Transmitida pela picada de uma mosca tsé-tsé infectada, após um período com sintomas não específicos, a doença do sono evolui e causa sintomas neuropsiquiátricos que incluem o comportamento anormal e um distúrbio debilitante nos padrões do sono que dá nome a esta doença negligenciada que ameaça milhões de pessoas em 36 países da África Subsaariana. Muitas das populações afetadas vivem em áreas rurais remotas com acesso limitado a serviços de saúde adequados, o que dificulta a vigilância e, portanto, o diagnóstico e o tratamento dos casos. Além disso, o deslocamento de populações, a guerra e a pobreza são fatores importantes que facilitam a transmissão. A incidência da doença difere de um país para outro, bem como em diferentes partes de um único país.

De acordo com a OMS, nos últimos 5 anos, mais de 70% dos casos notificados ocorreram na RDC, com uma média de menos de 1.000 casos declarados anualmente. Angola, República Centro-Africana, Chade, Congo, Gabão, Guiné, Malawi e Sudão do Sul declararam entre 10 e 100 novos casos em 2019, enquanto Camarões, Costa do Marfim, Guiné Equatorial, Uganda, República Unida da Tanzânia, Zâmbia e Zimbabué declararam entre 1 e 10 novos casos. Países como Burkina Faso, Gana, Quênia e Nigéria, relataram casos esporádicos nos últimos 10 anos. Benin, Botswana, Burundi, Etiópia, Gâmbia, Guiné Bissau, Libéria, Mali, Moçambique, Namíbia, Níger, Ruanda, Senegal, Serra Leoa, Suazilândia e Togo não notificam novos casos há mais de uma década. A transmissão da doença parece ter parado em alguns desses países, mas ainda há algumas áreas onde é difícil avaliar a situação exata porque as circunstâncias sociais instáveis e/ou a dificuldade de acessibilidade dificultam as atividades de vigilância e diagnóstico.

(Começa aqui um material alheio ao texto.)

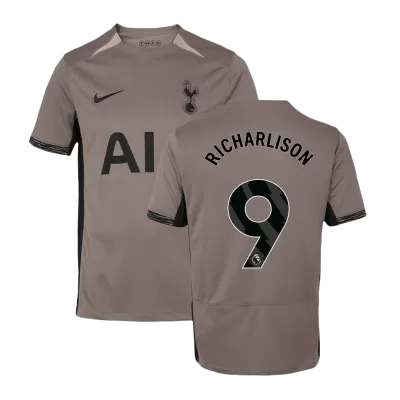 RICHARLISON #9 Tottenham Hotspur Jersey 2023/24 Third - ijersey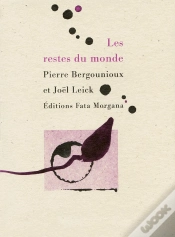 Capa do artigo Les Restes Du Monde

O controle da tripanossomíase africana atualmente gira em torno de duas estratégias principais: triagem populacional para garantir o tratamento precoce de pessoas infectadas e ajudar a reduzir o número de pessoas portadoras (menos pessoas portadoras do parasita representam menos probabilidade da mosca tsé-tsé se infectar ao se alimenta de sangue e menos probabilidade de passar o parasita para outro indivíduo em sua próxima refeição de sangue). Outra estratégica é reduzir a transmissão através da mosca usando inseticidas e implantando armadilhas e/ou telas nas residências para reduzir o número de insetos que entram.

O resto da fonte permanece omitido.